Wednesday, August 13, 2014

Shut Up! Just Shut Up!

Today I read this quote from Zelda, the daughter of Robin Williams regarding social media, "I will be leaving this account for a [bit] while I heal and decide if I'll be deleting it or not," she writes. "In this difficult time, please try to be respectful of the accounts of myself, my family and my friends. Mining our accounts for photos of dad, or judging me on the number of them is cruel and unnecessary. There are a couple throughout, but the real private moments I shared with him were precious, quiet, and believe it or not, not full of photos or 'selfies.' "

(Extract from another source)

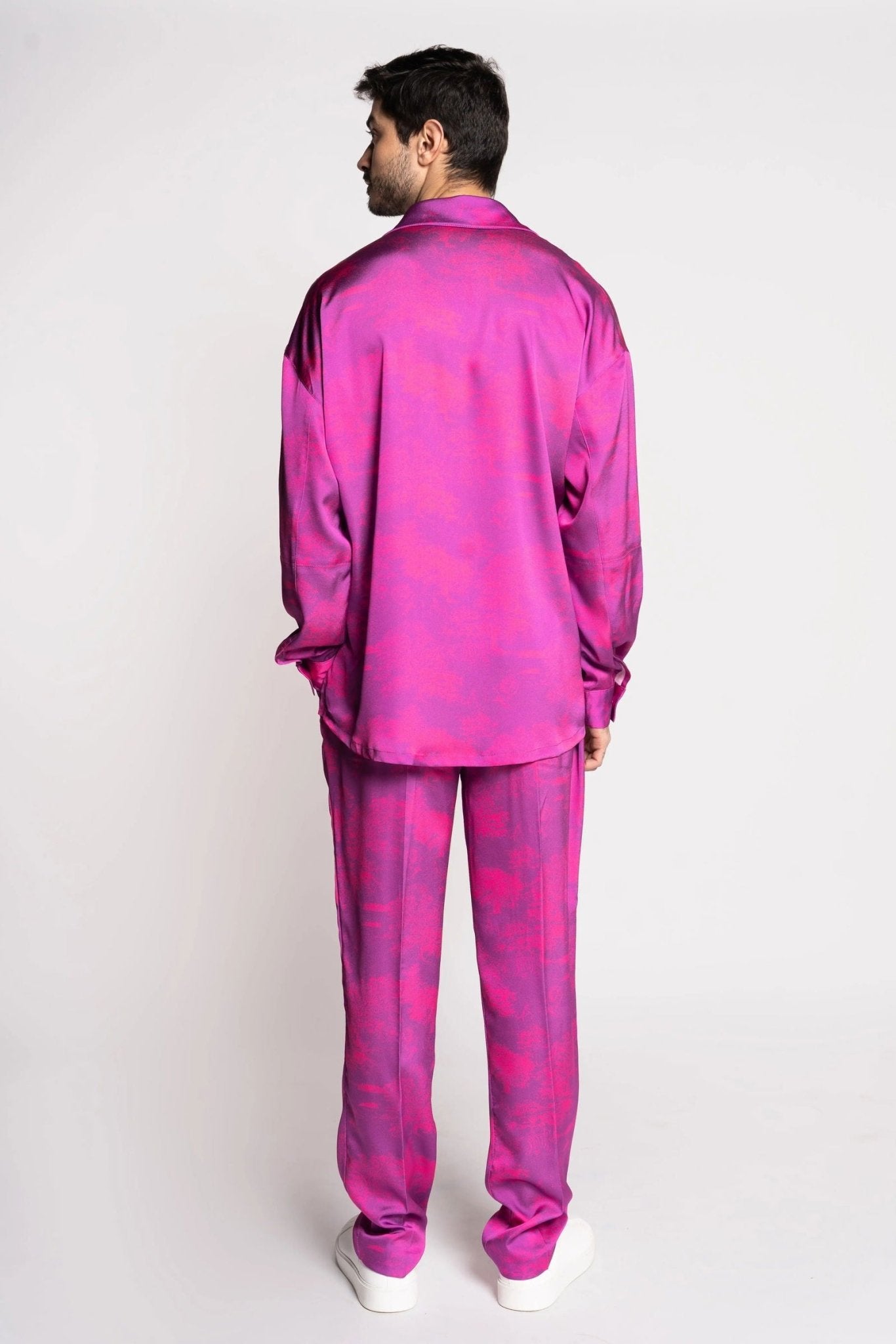 Silk Shirt with Savanna Print - Made in France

 On Monday, my heart was hurting for a family that I know, because the patriarch of their family had died.  Then later on that day I found out about the death of Robin Williams and I prayed for his family as well.  Losing my own father in 2012 has made me extra sensitive to those who lose their own.  With that said I would never try to compare my grief to their grief.  A dear friend of mine, who I  called to vent after someone had made hurtful remarks about the loss of my daddy, wisely stated that you can't compare grief, grief is different for everyone.  For example, I have two brothers and we have handled our grief differently and we lost the same dad.  But we each had an unique relationship with him.

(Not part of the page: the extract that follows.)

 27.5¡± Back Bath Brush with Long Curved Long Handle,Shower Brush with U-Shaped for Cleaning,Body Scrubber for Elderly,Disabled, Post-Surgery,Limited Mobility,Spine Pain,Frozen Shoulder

In my situation I was grateful for social media during that time, because I could pass along info without having to talk to a lot of people.  Weeks after the funeral I would go out to eat by myself to parts of the Metro that I didn't know anyone, so I didn't have to talk to anyone.  Don't get me wrong I spoke to those nearest to me, but there were days that being asked how I was doing was annoying.  How was I doing????  It had felt like my heart had been ripped out of my chest.  I was dealing with mean & hurtful words from people because I didn't grieve "publicly" enough.  I put it in quotes because I'm not famous.  God knows how much I grieved and how much I still grieve.  Last night I was watching a tribute to Robin Williams and they showed this side angle of him somewhere and he was wearing a baseball cap, he had a grey gotee and something about it made a picture of my dad flash in my head and my breath caught.  With that said I am very grateful that I had heard some talk of Beth Moore's about how she had full freedom to tattle tale to God about things people say to her.  He and my close friends got an ear full.  Why anyone stays friends with me is beyond me.

I am so grateful that my dad was not a celebrity.  I don't know if I would've had enough restraint to just respond with taking a break from social media.  I probably would've taken a baseball bat to my computer, after seeing some of the things Zelda saw on social media.  I probably would've also taken the baseball bat to my phone, tablet, the TV, the radio in my car...you get the point.

An area in my life that I have been praying for growth is empathy.  I don't know everything someone else has gone through.  It is impossible and I guess that is why I get so mad, when I hear people judging and tearing apart others because in their mind they would've handled things differently.  You don't know that!  See I'm struggling with the being patient with judgers (totally made up word) part of this whole growth process.

Why is it so hard for us to love others where they are at?